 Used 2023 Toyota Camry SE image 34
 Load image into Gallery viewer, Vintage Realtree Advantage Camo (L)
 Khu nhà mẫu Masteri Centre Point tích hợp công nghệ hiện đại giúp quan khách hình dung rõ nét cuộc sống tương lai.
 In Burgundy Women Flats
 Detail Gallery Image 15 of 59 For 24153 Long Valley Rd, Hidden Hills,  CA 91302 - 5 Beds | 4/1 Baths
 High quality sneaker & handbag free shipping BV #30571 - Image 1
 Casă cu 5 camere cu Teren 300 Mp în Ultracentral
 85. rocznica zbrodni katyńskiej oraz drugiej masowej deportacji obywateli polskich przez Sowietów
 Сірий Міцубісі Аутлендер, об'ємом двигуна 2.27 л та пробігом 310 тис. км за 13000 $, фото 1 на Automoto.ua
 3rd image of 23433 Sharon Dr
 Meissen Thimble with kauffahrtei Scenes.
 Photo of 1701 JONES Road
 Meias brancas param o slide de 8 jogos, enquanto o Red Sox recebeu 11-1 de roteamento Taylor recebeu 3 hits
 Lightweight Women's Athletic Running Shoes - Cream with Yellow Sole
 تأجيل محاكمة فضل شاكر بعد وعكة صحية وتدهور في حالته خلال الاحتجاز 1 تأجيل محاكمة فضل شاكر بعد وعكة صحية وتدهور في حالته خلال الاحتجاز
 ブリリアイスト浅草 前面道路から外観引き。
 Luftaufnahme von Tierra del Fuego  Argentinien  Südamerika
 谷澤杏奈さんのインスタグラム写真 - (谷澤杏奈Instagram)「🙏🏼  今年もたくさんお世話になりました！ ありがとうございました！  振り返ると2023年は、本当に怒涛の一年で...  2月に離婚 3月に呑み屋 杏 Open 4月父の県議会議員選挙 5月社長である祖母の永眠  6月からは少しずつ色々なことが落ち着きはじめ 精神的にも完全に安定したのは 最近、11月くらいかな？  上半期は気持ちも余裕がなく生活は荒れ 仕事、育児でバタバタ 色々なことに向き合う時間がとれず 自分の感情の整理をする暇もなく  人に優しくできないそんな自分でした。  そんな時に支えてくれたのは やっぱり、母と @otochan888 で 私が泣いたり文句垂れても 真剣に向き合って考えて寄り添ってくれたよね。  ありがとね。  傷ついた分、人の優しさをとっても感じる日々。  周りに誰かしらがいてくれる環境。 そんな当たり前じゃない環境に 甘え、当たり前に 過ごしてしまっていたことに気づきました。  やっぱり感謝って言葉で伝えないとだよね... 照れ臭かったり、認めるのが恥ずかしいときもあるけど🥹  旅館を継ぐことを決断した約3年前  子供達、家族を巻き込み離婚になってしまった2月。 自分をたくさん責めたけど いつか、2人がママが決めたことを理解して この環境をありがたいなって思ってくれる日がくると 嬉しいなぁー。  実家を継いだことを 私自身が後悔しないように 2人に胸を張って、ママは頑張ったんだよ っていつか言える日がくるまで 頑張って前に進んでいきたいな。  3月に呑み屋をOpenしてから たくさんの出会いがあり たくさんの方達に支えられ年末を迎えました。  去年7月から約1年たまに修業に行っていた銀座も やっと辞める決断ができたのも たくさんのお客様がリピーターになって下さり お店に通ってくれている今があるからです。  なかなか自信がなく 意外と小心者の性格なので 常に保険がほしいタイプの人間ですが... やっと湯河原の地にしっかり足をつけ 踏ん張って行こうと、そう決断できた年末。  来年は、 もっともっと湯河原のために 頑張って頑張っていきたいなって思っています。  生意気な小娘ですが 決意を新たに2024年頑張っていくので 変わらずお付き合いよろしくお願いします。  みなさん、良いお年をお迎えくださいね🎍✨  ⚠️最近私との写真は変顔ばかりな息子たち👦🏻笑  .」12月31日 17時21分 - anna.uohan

■ Exercise prompt ■
Go through the material above and return each line that holds the word "Women".

■ Response box ■
 In Burgundy Women Flats
 Lightweight Women's Athletic Running Shoes - Cream with Yellow Sole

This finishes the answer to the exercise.